Mit ihrem zweiten Roman „Marrying Buddha“ knüpft das chinesische Gegenstück von Carrie Bradshaw und „Sex in the City“ jetzt da an, wo sie mit „Shanghai Baby“ aufgehört hat. Ebenso wie im Leben der Kolumnistin Carrie dreht sich in Cocos Konsumkosmos (auch sie ist Autorin) alles um drei Dinge: Shoppen, Männer und – wie hätte es auch anders sein können – Sex. Und das alles vor einer einzigartigen Lifestyle-Kulisse. Denn Cocos Freunde sind natürlich eben so hip und schrill wie sie selbst. Sei es ihre transsexuelle Freundin Xi’er, die eigentlich Malerin ist und das angesagteste Restaurant Shanghais führt, oder Madonna, eine von der Polizei gesuchte Diva. In Cocos Leben scheint alles ein bisschen aufregender zu sein als bei anderen Leuten.
Und weil New York eine der angesagtesten Metropolen ist, beschließt Coco, den Big Apple zu erobern. Anstatt sich jedoch allein um ihre Karriere zu kümmern, verliebt sie sich in Muju, einen galanten, zurückhaltenden Japaner. Alles scheint perfekt, bis der reiche Amerikaner Nick in Cocos Leben tritt und die Beziehung zu Mojo zu zerbrechen droht...

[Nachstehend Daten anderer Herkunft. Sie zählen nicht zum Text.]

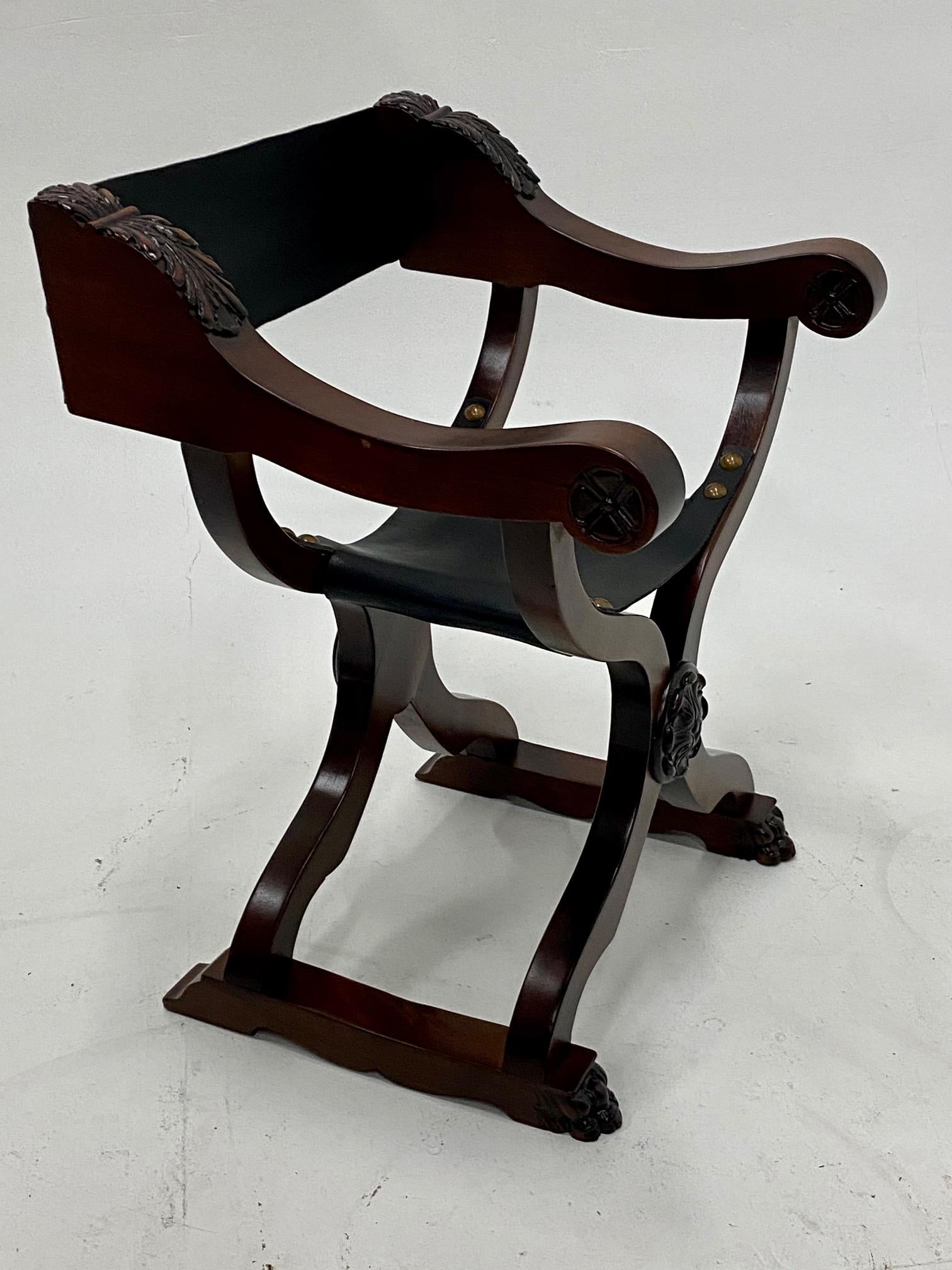 Fantastisches Paar neu restaurierter italienischer Savaranola-Stühle im Barockstil, neu Fantastic (Frühes 20. Jahrhundert) im Angebot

Wei Huis biographisch geprägter Roman ist vor allem kurzweilige Unterhaltung. Obwohl die Autorin gesellschaftlich mehr als kontrovers diskutiert wurde, sucht der Leser vergeblich nach politischen Aussagen. Schade eigentlich.
„Marrying Buddha“ ist im Ullstein Verlag erschienen und kostet 18 Euro.